Google has unveiled a new project, called Im2Calories, which will use deep learning algorithms to estimate how many calories are in food, based on a photo of the meal, according to a report from Popular Science.
The algorithm will estimate calories in a meal, which could be, for example, eggs, pancakes, and bacon, based on the size of the individual items compared to the size of the plate. Pictures do not have to be high resolution for the system to work either -- a shot from a smartphone would work as well.
Google Research Scientist Kevin Murphy, who discussed this project at an event in Boston last week explained that the algorithm is not very accurate, but the more pictures people take, the more it will improve.
“To me it's obvious that people really want this and this is really useful,” he said at the event. “Ok fine, maybe we get the calories off by 20 percent. It doesn't matter. We're going to average over a week or a month or a year. And now we can start to potentially join information from multiple people and start to do population level statistics. I have colleagues in epidemiology and public health, and they really want this stuff.”
Murphy added that in the future they want to use this technology to do scene analysis and offer users a traffic scene analysis and a prediction of where the most likely parking spot is.

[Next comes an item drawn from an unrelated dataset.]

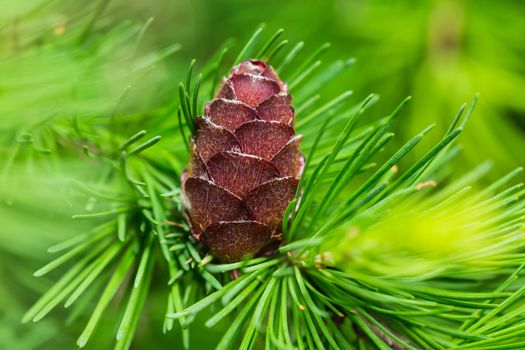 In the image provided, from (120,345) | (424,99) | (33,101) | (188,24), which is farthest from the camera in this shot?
(188,24)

Other companies have incorporated photo taking into nutrition tracking offerings in recent years. A similar tool, called Meal Snap, which MobiHealthNews included in a roundup last year, aimed to calculate what’s in food and how many calories it has, based on food photos. This app is no longer available in the US Apple App Store.
Another app, called Eat It Tweet It, integrates with Twitter and offers users a portal to tweet exclusively about their diet. The app includes preset hashtags and a camera feature to take a picture of the meal. A study of the app showed that young adults found it useful for tracking food consumption, though that study didn’t look at weight loss outcomes.
And The Eatery, an app developed by Massive Health, which Jawbone acquired in February 2013, also used a smartphone camera as the input mechanism, but rather than calculating the nutritional value with an algorithm, it crowdsourced the food rating from other Eatery users who rated how healthy the meals were on a sliding scale.